Disability Studies Quarterly
Fall 2004, Volume 24, No. 4
<www.dsq-sds.org>
Copyright 2004 by the Society
for Disability Studies


BOOK & FILM REVIEWS

Lisa I. Iezzoni. When Walking Fails: Mobility Problems of Adults with Chronic Conditions. University of California Press, 2003. $19.95 paper. 355 pp.

Reviewed by Marsha Saxton, Ph.D., World Institute on Disability, University of California, Berkeley.


This book about people with mobility impairments helps both doctors and patients navigate the healthcare system. Physician-health services researcher, Dr. Lisa Iezzoni writes from her own experience of mobility impairment due to multiple sclerosis. Her self-disclosure of disability, which opens the book, is a refreshing departure from the classic medical literature, which has tended to hide the personal life experience of the physician behind the veil of professionalism. This has maintained the illusion that doctors never become ill or acquire disabilities or ever have to grapple with biased attitudes about disability directed at themselves. While she is a relative newcomer to the disability community perspective, Dr. Iezzoni's advocacy for people with mobility disabilities is solid.

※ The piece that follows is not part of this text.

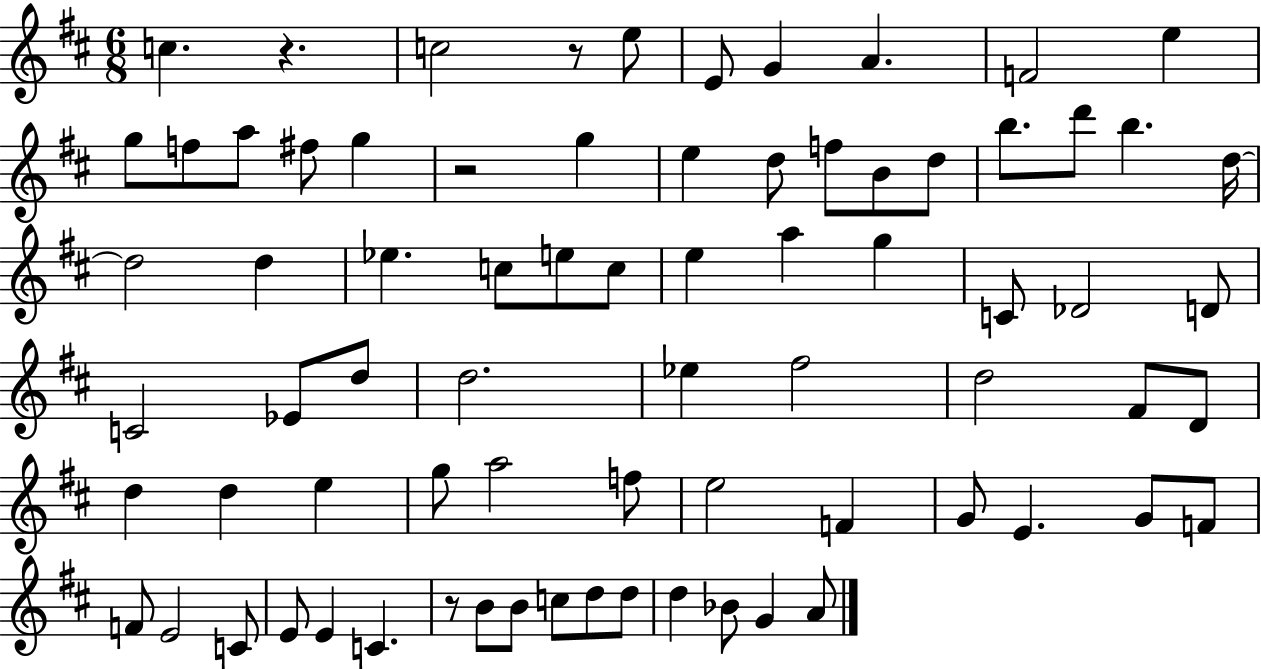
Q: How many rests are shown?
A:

A central point in the book is that medicine, because of discriminatory attitudes and policy about disability, as well as the rigid diagnose-and-treat approach to medical care, has ignored the real needs of mobility-impaired people. What is needed is for providers to pay attention to the life experience of their patients, take the time to accurately assess, and then enhance, the individual's functionality in their daily lives, whatever their diagnosis, even if "cure" is not an option.

The intended audience of this readable book includes medical and service professionals, social scientists and the community of people with mobility disabilities. This again is a refreshing departure from the classic medical texts, which assume that patients do not benefit from reading medical research. While the Internet has dramatically changed our access to medical information, there is still a lack of good, clear writing that simultaneously addresses the information needs of those on both sides of the doctor's desk. This book does that well. Using qualitative research methods, Iezzoni interviewed people from both these perspectives. Her extensive use of quotes from interviews brings the issues alive. I was particularly impressed with the candor of some of the providers about their dilemmas in addressing the needs of disabled people within the current medical system. One physician said:

If we don't pay attention to people's function[ality] in the face of their illnesses, then we have really cut ourselves off from the biggest opportunity we have to help as doctors. . . . . We all went into medicine, despite fantasies of cure, wanting to be helpful. Doctors feel frustrated when they don't know how to be helpful. They feel inadequate, overwhelmed, befuddled and not sure what to do. (p.152.)

Iezzoni addresses a range of social and personal issues which often arise in relation to mobility-related disability: poverty, stigma regarding sexuality, dilemmas of aging with disability, incontinence, architectural access barriers, and family care-giving struggles. I would have wished for a stronger focus on the difficulties of obtaining adequate Personal Assistance Services, often a huge barrier for significantly mobility-impaired people. However, the book's focus on assistive technologies is very clear and practical. The chapters, "Who Will Pay?", and "What Will Be Paid For?" contain a strong analysis of the barriers inherent in the Medicaid/ Medicare and private insurance reimbursement systems in paying for wheelchairs and other essential durable medical equipment.

The book includes humor as well, some of it ironic. Among the several cartoons Iezzoni reprinted is a New Yorker cartoon showing a Boy Scout helping an older lady with a cane, cross the street (p.58.) The Boy Scout says to the lady, "I also do suicides." Of course, this reveals the potential for malevolence in our society's notion of "help" for people with disabilities. Iezzoni offers instead a course of policy change and education that challenges disability discrimination and expands resources to meet the real needs of people. I prescribe two copies of this book, one for you and one for your doctor.